First, it's not said that we're really going to change the dna language. I don't really see any need for that, except maybe going in the direction of less programmability and understandability of the language itself.

Quote
And remember what's wrong with the current sexual reproduction system: It's gene centric. If all you're after is mixing up the genes between bots, it does just fine.
It seems to me that nobody said that. Shvarz's point, that is correct, is that the mixing of genes how it is made now don't work when genes are duplicated (because sometimes  the zig-zag procedure cuts off a valid gene). But this method solves the problem perfectly, and it's also biologically sound.

44
Suggestions / Recombination mechanism
« on: June 10, 2005, 10:50:10 AM »
I'd prefer to leave apart the discussion about possible new structures for the dna language, and implement rapidly this kind of sexual reproduction. If we (you) are ever going to change the dna structure, you'll change also this, among many other things. But let's have immediately what we can have now.

45
Suggestions / Recombination mechanism
« on: June 10, 2005, 09:38:04 AM »
Shvarz, your UID system gave me an idea. I think UID would be a good thing, being basically a shortcut to actually comparing dna portions to look for similar parts. On the other hand, it would require changes in the way dnas are stored. What do you think of this: without the need to modify anything anywhere else, we just change the sexual reproduction routines. We insert a new routine which calculates a number (let's call it idcode) from each gene (say, just by calculating the sum of the type-value sequence in the gene, or something like that). Then, we take each gene from one of the parents, and we couple it with the gene with the closest idcode number. When genes have been coupled, we take one of them from each parent and build a new dna. We should decide what to do with genes that remain uncoupled.

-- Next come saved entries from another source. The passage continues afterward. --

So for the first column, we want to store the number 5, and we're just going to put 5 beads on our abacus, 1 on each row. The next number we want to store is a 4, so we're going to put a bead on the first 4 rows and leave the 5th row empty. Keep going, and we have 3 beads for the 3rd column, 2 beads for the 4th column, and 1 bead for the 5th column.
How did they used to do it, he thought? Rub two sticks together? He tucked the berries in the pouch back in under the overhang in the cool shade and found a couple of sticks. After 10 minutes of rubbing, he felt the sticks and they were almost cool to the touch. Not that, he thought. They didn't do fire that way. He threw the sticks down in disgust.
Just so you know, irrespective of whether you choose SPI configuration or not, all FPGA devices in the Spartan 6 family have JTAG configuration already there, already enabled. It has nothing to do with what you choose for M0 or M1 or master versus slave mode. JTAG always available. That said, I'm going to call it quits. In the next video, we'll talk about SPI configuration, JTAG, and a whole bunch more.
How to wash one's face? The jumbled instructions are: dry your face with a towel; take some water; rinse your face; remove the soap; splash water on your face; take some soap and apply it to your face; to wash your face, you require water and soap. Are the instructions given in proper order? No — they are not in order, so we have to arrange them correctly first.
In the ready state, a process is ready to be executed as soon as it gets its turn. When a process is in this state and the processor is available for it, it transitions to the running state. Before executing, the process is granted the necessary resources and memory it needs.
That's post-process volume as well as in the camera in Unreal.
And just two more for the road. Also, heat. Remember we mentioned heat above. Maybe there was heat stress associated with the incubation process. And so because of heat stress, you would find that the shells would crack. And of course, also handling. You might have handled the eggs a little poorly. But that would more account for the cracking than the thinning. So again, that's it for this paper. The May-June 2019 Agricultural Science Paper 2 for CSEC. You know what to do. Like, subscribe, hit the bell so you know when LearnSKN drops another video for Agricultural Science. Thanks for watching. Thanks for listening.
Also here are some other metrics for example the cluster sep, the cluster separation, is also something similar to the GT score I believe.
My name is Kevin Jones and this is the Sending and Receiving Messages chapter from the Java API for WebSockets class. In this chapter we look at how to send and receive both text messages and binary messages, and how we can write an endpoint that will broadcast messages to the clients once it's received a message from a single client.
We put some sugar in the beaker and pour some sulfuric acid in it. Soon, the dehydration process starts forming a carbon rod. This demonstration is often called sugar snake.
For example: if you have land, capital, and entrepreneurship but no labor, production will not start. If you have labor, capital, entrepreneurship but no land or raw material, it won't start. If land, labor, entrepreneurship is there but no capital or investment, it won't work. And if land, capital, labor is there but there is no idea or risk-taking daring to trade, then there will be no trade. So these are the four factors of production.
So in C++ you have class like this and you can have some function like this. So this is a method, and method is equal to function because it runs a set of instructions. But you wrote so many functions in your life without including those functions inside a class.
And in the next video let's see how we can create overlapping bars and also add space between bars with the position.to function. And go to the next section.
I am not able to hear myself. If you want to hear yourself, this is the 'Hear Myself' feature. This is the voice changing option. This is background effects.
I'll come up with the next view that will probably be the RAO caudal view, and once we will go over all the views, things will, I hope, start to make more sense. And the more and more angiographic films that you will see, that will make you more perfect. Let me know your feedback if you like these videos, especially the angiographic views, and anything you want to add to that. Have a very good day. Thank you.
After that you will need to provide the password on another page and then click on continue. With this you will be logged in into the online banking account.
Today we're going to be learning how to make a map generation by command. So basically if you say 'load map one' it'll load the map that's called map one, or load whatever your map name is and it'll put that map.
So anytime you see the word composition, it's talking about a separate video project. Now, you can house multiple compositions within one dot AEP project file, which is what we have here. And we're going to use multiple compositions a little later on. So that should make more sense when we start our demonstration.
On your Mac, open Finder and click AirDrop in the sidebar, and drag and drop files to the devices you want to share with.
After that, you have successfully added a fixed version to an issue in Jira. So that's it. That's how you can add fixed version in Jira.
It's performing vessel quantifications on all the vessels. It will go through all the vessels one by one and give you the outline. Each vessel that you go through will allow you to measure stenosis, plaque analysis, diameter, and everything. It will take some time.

Now, to be clear, an example. Say we have a gene

cond
  *.eye5 0 >
start
  10 .up store
stop

If we assign a value to each instruction, variable and number, we can easily make a sum of these values and obtain a code which is not unique for that gene, but has very good chances to be unique in that dna. An important feature of this code is that, unlike a hash code, it is only slightly changed by little variations.
Now, say that the calculated idcode for this gene is 100.

A mutated copy of this gene, say

cond
  *.eye7 0 >
start
  10 .up store
stop

may have idcode=102

Now, if we have two dnas, with genes: (where 1, 2, ... are different genes, 1a, 1b,.. are slightly mutated copies of the gene 1, and there's an idcode associated to each gene)

dna1...............dna2
1-100.............1-100
1-100.............2-324
2-324.............3a-64
2a-320...........3b-66
3-60...............4a-410
4-400.............5-150
4b-390

You understand that it is relatively simple to mix these two dnas. You should couple each gene of dna1 with one of those with more similar idcode on dna2. You may decide randomly which gene to couple if there are two or more with similar idcode. For example, you may decide to couple either gene2 or gene2a from dna1 to gene2 in dna2.

If you wish to have a more fine crossing, you may even decide to go further and split the coupled genes somewhere inside them and mix the two ends.